The first-year course, LR&W I & II, is a year-long, four-credit class. It focuses on developing and refining the following skills: legal analysis; legal research, both in print sources and on-line; and objective, predictive legal writing. Students work on a series of increasingly complex research and writing projects, i.e., legal memoranda and opinion letters. In the first semester, the first two projects are closed universe. The teachers fully critique these projects but do not assign a grade. Both projects emphasize legal analysis. Students then write at least one open research memo that is fully critiqued, but not graded in that semester. The final open research memo is fully graded. In the second semester, students focus on more complex resources such as constitutional provisions, statutes, legislative history, and administrative regulations. They write two open memos on complex issues and an opinion letter from one of their memos. Their final memo is graded. Students also take a graded research test at the end of each semester. In addition, throughout each semester, students are also writing shorter pieces and keeping research journals that are critiqued by the teachers. The goal is to teach the skill, critique the skill, and then grade the skill each semester. Individual conferences and rewrites are hallmarks of the first-year writing program.

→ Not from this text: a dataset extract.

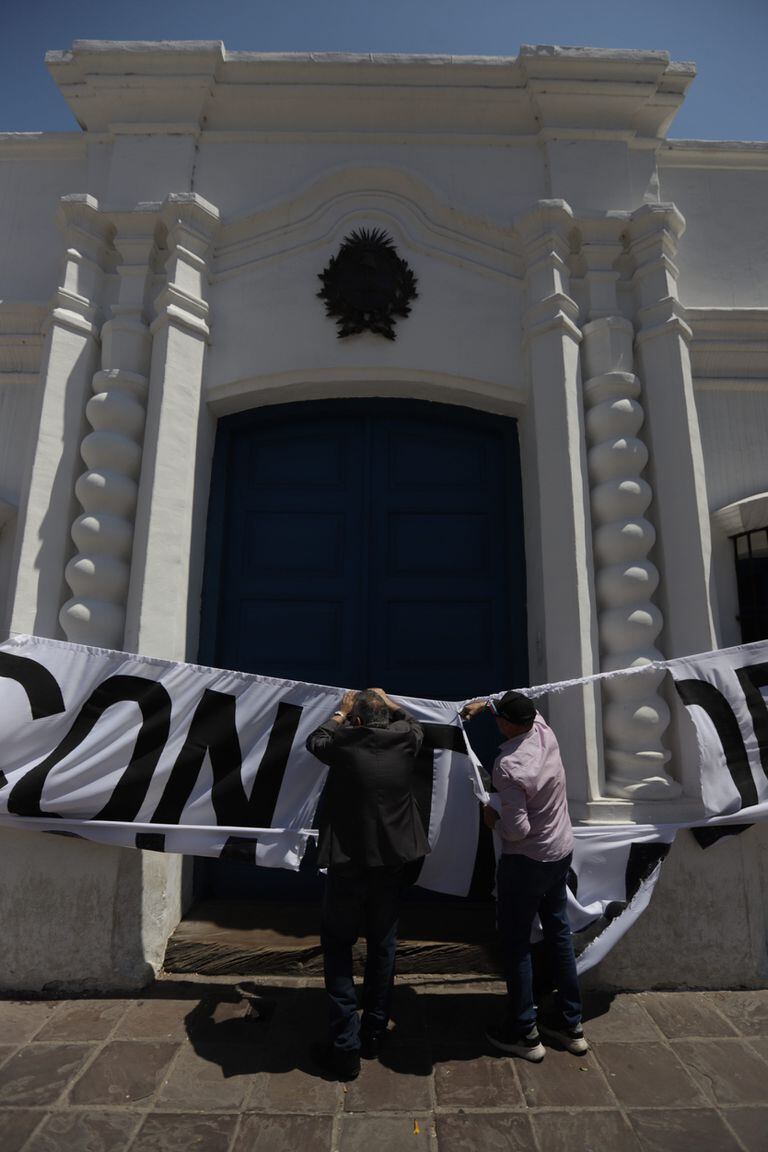 Manifestantes rompen la obra instalada en la fachada de la casa de Tucumán. Foto: Gianni Bulacio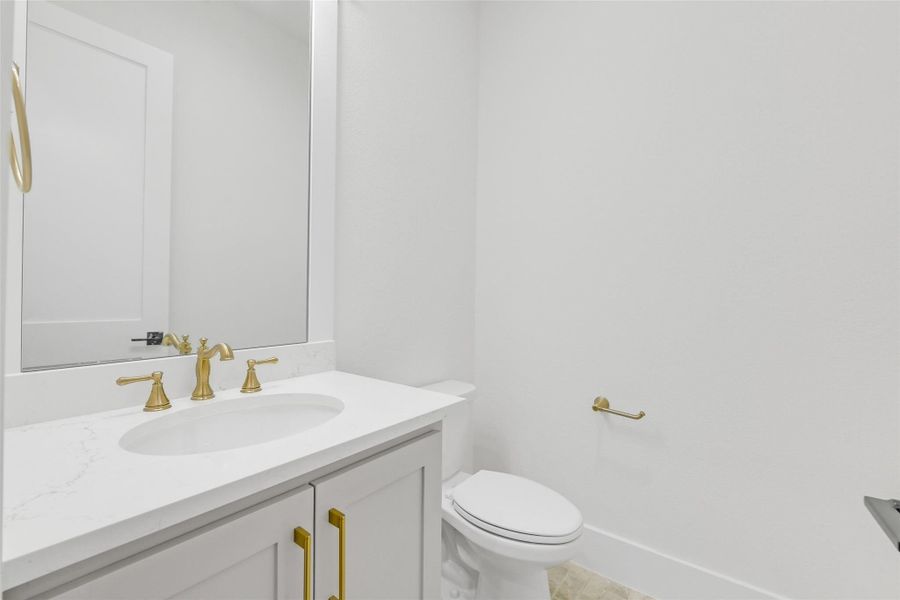 Half Bathroom which is located down the hall by the Home Office/Study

The second-year classes (two credits) focus on transactional drafting and persuasive writing. The first-semester class, LR&W III, focuses on introducing students to transactional drafting with an ungraded contract drafting exercise. Students then move on to persuasive writing through a series of litigation documents. They start with a demand letter and then move on to a draft and a rewrite of a motion for summary judgment with supporting memorandum, exhibits, and affidavits. For the final semester, in LR&W IV, students work in pairs on an appellate brief. They then argue that brief either in a classroom setting or through our intra-school moot court competition that culminates in oral argument before members of the Washington, Idaho, Montana, and Alaska Supreme Courts.

The LR&W faculty are ranked professors and have the opportunity to apply for five-year, presumptively renewable contracts in their fourth year of teaching LR&W. LR&W faculty have full voting rights and representation on all faculty committees. LR&W teachers often chair faculty committees. The teaching load varies depending on enrollment. LR&W teachers may teach outside the LR&W curriculum and are eligible for sabbaticals and full research stipends. Finally, the LR&W Program encourages academic freedom. Although the LR&W teachers coordinate the number and types of formal assignments, each teacher is free to develop syllabi and select textbooks.